== Segment start ==
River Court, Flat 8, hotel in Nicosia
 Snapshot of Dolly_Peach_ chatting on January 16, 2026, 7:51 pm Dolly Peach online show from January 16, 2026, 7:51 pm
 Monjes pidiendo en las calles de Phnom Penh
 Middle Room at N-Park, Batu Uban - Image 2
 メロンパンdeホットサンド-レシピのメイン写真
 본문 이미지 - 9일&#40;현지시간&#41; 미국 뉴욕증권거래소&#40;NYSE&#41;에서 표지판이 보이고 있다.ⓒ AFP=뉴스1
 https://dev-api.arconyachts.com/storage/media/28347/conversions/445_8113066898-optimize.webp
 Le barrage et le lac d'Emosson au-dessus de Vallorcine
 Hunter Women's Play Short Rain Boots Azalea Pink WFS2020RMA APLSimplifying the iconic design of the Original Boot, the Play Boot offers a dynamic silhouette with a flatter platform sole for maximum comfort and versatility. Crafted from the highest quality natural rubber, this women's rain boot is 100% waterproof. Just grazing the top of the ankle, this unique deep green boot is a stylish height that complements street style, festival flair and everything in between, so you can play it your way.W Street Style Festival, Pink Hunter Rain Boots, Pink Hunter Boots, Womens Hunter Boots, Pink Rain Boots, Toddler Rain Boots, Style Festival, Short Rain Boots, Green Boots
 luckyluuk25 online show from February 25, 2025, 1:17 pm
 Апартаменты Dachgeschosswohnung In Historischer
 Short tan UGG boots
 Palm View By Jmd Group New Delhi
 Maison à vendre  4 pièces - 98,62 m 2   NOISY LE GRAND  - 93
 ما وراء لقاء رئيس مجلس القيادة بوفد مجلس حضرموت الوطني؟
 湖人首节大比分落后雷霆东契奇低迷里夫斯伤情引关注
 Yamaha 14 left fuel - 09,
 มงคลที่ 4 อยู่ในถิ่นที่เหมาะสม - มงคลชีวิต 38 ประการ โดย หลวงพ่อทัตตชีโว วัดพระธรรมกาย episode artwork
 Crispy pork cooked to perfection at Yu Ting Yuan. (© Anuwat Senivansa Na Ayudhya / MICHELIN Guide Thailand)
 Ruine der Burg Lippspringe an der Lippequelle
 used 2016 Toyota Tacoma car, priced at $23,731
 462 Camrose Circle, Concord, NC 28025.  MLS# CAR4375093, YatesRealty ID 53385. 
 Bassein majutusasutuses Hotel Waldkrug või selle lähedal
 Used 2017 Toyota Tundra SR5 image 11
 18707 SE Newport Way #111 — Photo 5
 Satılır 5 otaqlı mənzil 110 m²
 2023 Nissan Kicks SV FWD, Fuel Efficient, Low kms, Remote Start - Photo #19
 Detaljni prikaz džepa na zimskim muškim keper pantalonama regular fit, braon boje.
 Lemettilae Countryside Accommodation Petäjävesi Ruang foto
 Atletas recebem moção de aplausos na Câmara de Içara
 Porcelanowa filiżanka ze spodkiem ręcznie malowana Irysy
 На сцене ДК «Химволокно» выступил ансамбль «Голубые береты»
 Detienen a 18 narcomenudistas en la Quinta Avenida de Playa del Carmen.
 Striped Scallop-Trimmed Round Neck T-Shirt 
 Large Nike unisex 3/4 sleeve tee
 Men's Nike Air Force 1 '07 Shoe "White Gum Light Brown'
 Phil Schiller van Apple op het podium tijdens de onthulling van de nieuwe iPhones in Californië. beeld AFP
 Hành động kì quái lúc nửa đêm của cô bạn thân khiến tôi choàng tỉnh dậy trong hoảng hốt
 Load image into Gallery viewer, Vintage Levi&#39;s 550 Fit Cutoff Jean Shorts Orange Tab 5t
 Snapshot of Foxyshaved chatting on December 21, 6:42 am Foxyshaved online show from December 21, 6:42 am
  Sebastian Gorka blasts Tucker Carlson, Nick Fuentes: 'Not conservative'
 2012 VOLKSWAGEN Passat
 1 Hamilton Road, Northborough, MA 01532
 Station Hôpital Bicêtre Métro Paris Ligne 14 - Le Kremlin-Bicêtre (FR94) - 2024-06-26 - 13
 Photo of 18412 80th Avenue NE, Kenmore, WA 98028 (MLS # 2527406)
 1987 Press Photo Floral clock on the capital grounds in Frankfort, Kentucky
== Segment end ==
→ WHAT TO PRODUCE: Only the lines from the one containing "Photo of 18412" to the end of the records should be repeated, exactly as they appear.

→ PROBLEM SOLUTION:
 Photo of 18412 80th Avenue NE, Kenmore, WA 98028 (MLS # 2527406)
 1987 Press Photo Floral clock on the capital grounds in Frankfort, Kentucky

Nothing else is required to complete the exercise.